Estamos en Berlín, en la Gran Piscina cubierta de la capital, estilo modernista. Seis enormes columnas de mármol, a cada uno de los flancos, una cúpula interna en el sur, y un improvisado escenario en el norte, envuelven la piscina pública de medidas reglamentarias. Allí nada Claudia Herre, mezzosoprano. Dice que “en esa piscina se siente como en un teatro, como en la ópera” y ha tenido una idea –gran, gran idea- que, como mínimo, no puede pasar por alto a nadie que le haya interesado y le pueda interesar el arte aparte de la música. La alemana ha presentado una ópera cantada bajo el agua. Así es. Ella, con su voz; los músicos con sus artificios metálicos -¿qué son sino los instrumentos?: un gran artificio-; actores danzantes; un coro de focas y conexiones directas con científicos de la Antártida.
No lo entiendo.
¿Por qué una conexión con los investigadores de la desconocida base de la tierra de la paz? El científico Lars Kindermen, por lo visto, instaló a finales de abril un micrófono en las aguas del Polo Sur a más de cien metros de profundidad. Vía live stream manda los sonidos que capta y los hace tronar, resonar, aliviar, serenar y profundizar en la piscina berlinesa. “Es el sonido de la serenidad, el bellísimo, es un sonido que ayuda a volver el espíritu hacia dentro de uno mismo, ignorando los estímulos exteriores", afirma un asistente al concierto experto en cantos de ballenas. Por otro lado, la otra responsable de la ópera, la compositora Susanne Stelzenbach comenta que su inspiración surgió de “los sonidos y los rumores que experimenta el feto, dentro aún de la madre, que son la primera información que recibe del mundo exterior y que componen una música que resulta el primer elemento de comunicación del ser humano y que queda grabada para siempre en nuestro subconsciente”. Inteligentísimo.

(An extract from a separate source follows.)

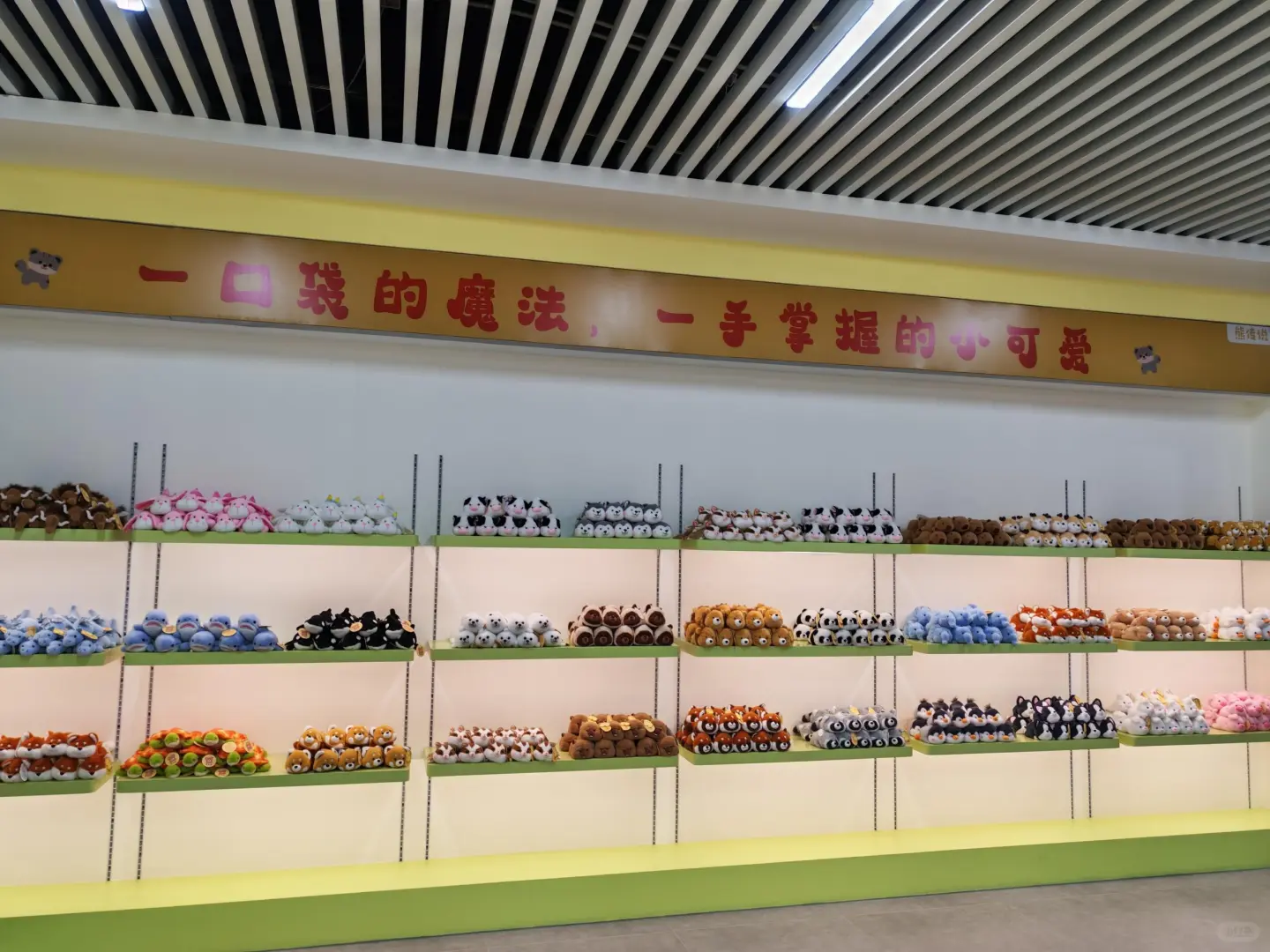 这个展也太好看了吧～～?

Esta obra se presentó el 1 de mayo y permanecerá en cartelera hasta el próximo 17 de septiembre. Es una obra experimental, ¿quién lo duda? Explora intersticios y recovecos que nunca antes la música se hubo atrevido a acariciar.
En una década donde la música está en grave peligro (no sé si es adecuado ya llamar música a la sobresaturación de intelectualismos y veleidades que nos presentan nuestros compositores y grupos de música actuales), estas iniciativas no poseen menos riesgo que el que genera un ciego en bicicleta en el carril central de la Gran Vía de Les Corts Catalanes. Pero es difícil que un proyecto submarino como es el Aquaria Palaoa –así se llama el espectáculo- dé oxígeno y una bocanada de aire fresco a la pobre música languideciente. No lo sé, tal vez estemos ante la pionera forma de hacer música. Fijaos en el apellido de la compositora: StelzenBACH. ¿Tendrá sangre del barroco? ¿Será un nuevo genio?

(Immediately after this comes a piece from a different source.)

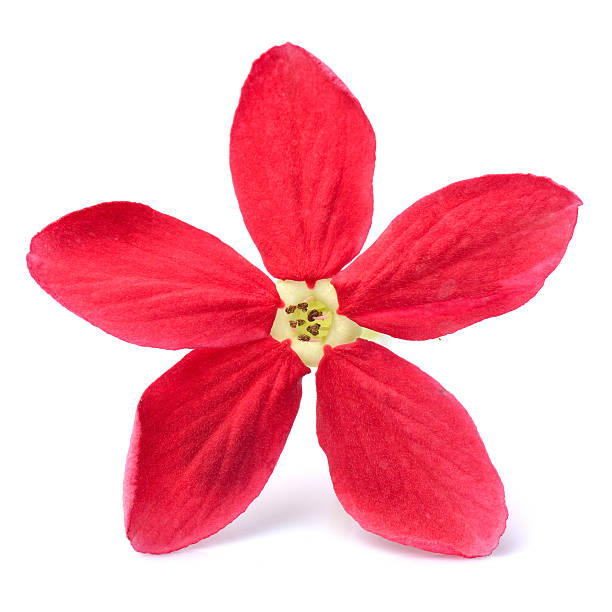 istock Red flower of Rangoon creeper on white background 537453937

Lejos de ver la ópera submarina como la salvación o como una incursión certera en la música experimental, lo que es seguro, de momento, es que la terrible metáfora surge por sí sola, de debajo del agua, de las profundidades luctuosas, de las simas recónditas de un lugar en que la música jamás debió tender la mano al hombre: la música se ahoga, se ahoga poco a poco y se la ve cada vez más borrosa.